[Start of Attachment]

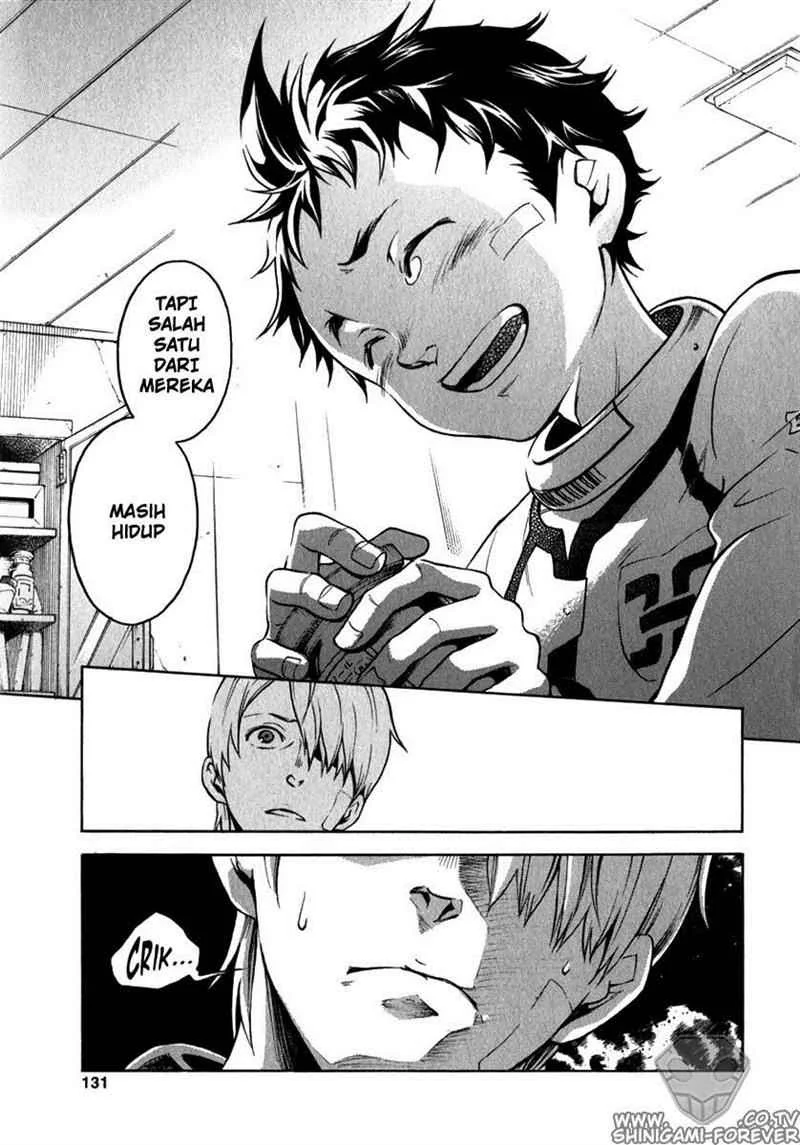 Deadman Wonderland Chapter 11 - halaman 37
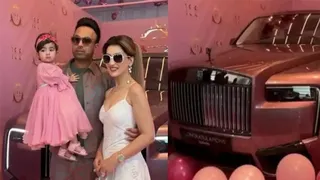 Indian Businessman Satish Sanpal 1 Year Daughter को Customized Pink Rolls  Royce दी Gift,कौन है... - BoldSky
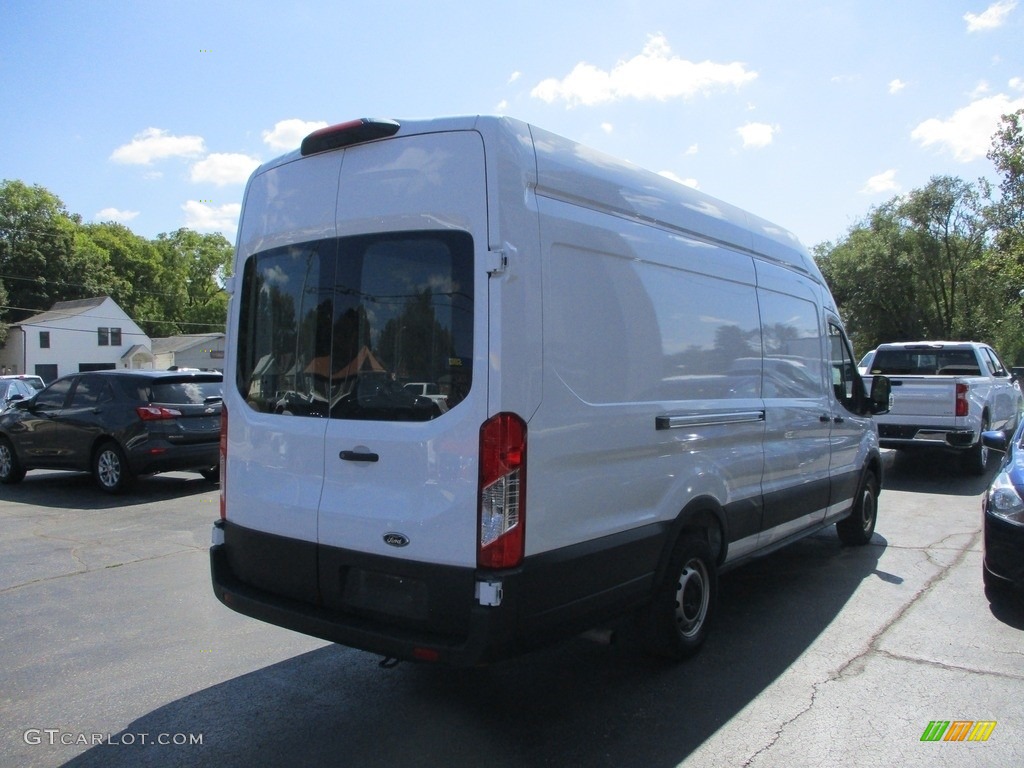 2021 Transit Van 250 HR Extended - Oxford White / Ebony photo #4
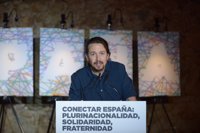 Pablo Iglesias señala que reivindicar la memoria histórica es "un acto de españolidad" y de defensa de la democracia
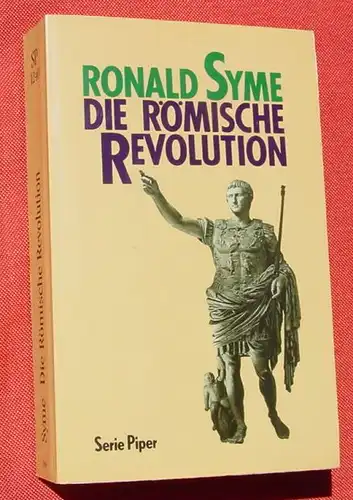 (1047989) Ronald Syme "Die römische Revolution" 665 Seiten. Siehe bitte Beschreibung u. Bild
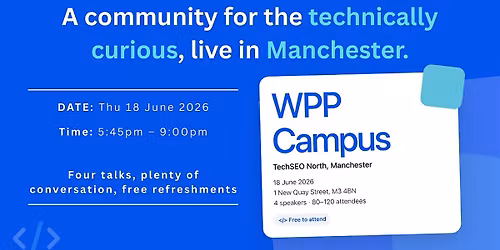 TechSEO North 4 - Manchester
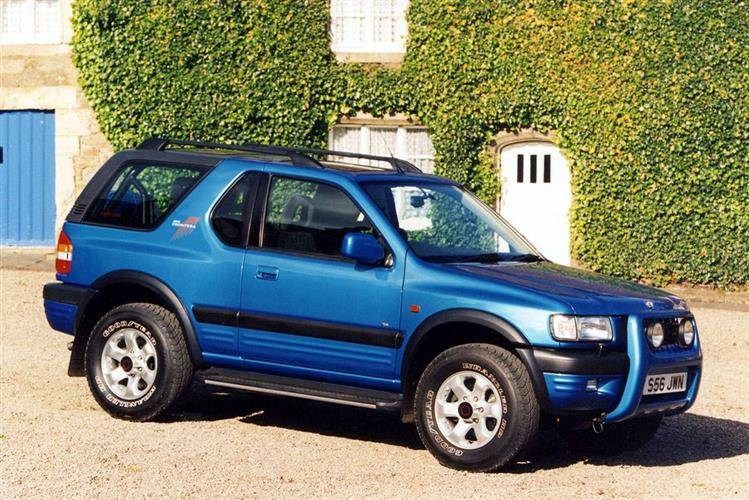 Vauxhall Frontera 1991 2004 Used Car Review Car Review Rac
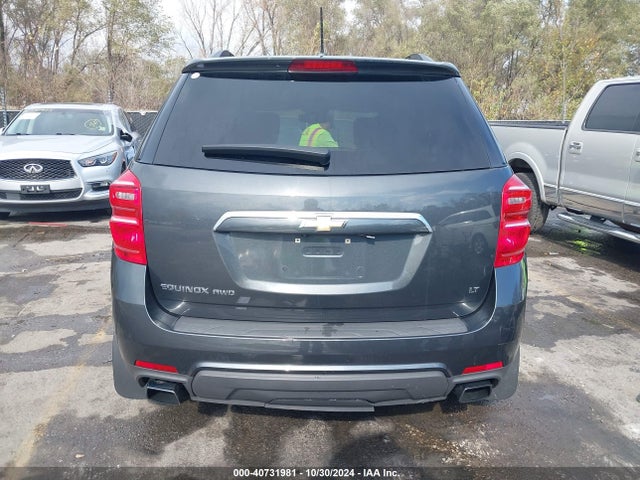 Chevrolet EQUINOX LT 2017 2GNFLFE31H6191638 Image 17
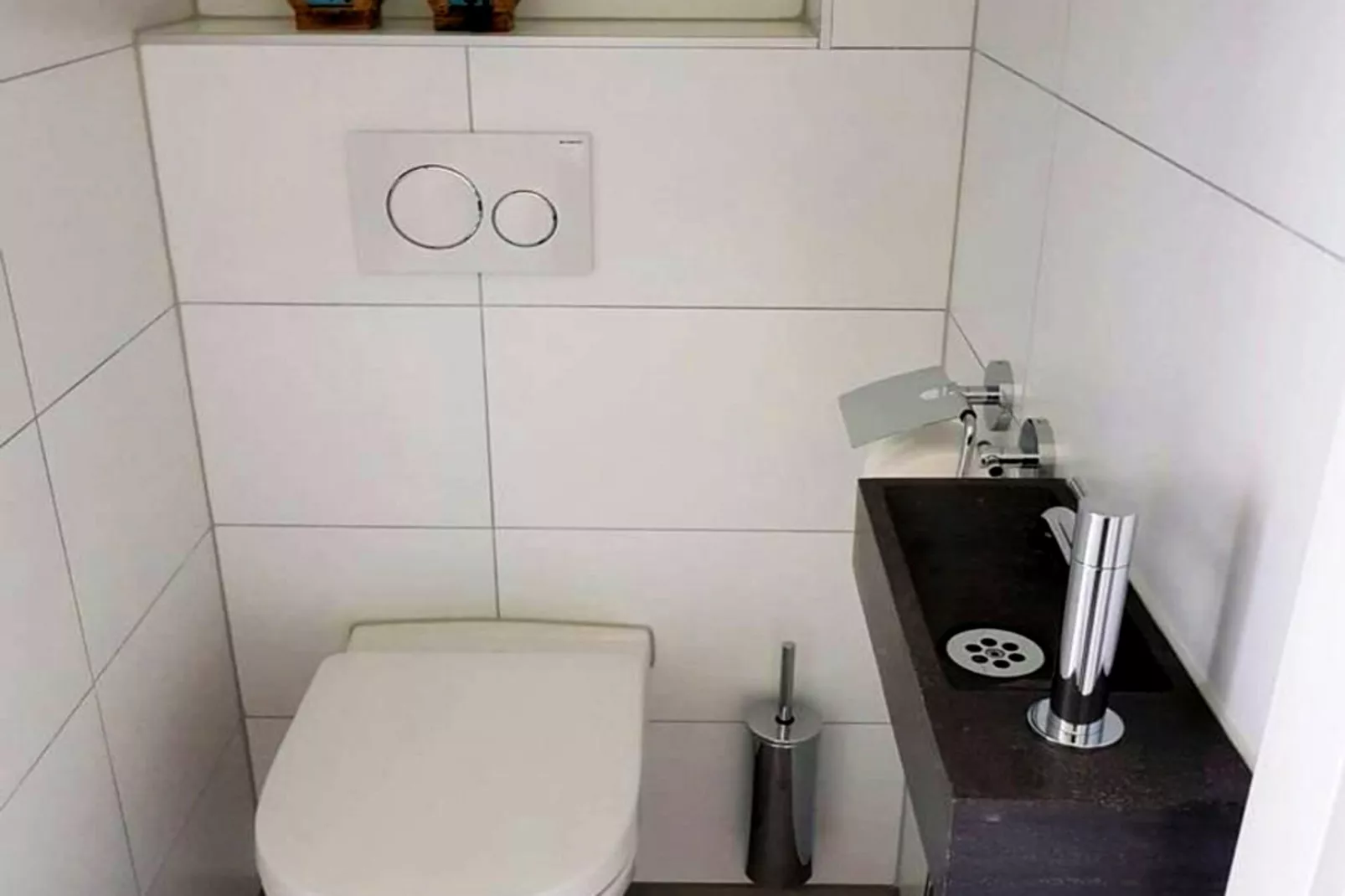 Scheldeveste 228 Zwin Breskens - Badkamer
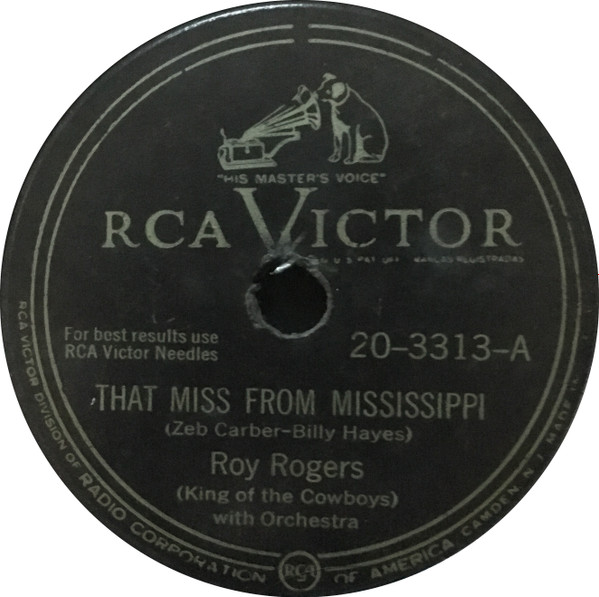 descargar álbum Roy Rogers - That Miss From Mississippi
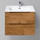 Тумба подвесная с раковиной BelBagno ETNA39-500/390-2C-SO-RN-P 50 см, Rovere Nature, Цвет фасада: Rovere Nature - фото, картинка Тумба подвесная с раковиной BelBagno ETNA39-500/390-2C-SO-RN-P 50 см, Rovere Nature, Цвет фасада: Rovere Nature - фото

[End of Attachment]

Your output should be the full set of entries above, restated word for word and free of pictures.

* _Solution to the exercise_:
 Deadman Wonderland Chapter 11 - halaman 37
 Indian Businessman Satish Sanpal 1 Year Daughter को Customized Pink Rolls  Royce दी Gift,कौन है... - BoldSky
 2021 Transit Van 250 HR Extended - Oxford White / Ebony photo #4
 Pablo Iglesias señala que reivindicar la memoria histórica es "un acto de españolidad" y de defensa de la democracia
 (1047989) Ronald Syme "Die römische Revolution" 665 Seiten. Siehe bitte Beschreibung u. Bild
 TechSEO North 4 - Manchester
 Vauxhall Frontera 1991 2004 Used Car Review Car Review Rac
 Chevrolet EQUINOX LT 2017 2GNFLFE31H6191638 Image 17
 Scheldeveste 228 Zwin Breskens - Badkamer
 descargar álbum Roy Rogers - That Miss From Mississippi
 Тумба подвесная с раковиной BelBagno ETNA39-500/390-2C-SO-RN-P 50 см, Rovere Nature, Цвет фасада: Rovere Nature - фото, картинка Тумба подвесная с раковиной BelBagno ETNA39-500/390-2C-SO-RN-P 50 см, Rovere Nature, Цвет фасада: Rovere Nature - фото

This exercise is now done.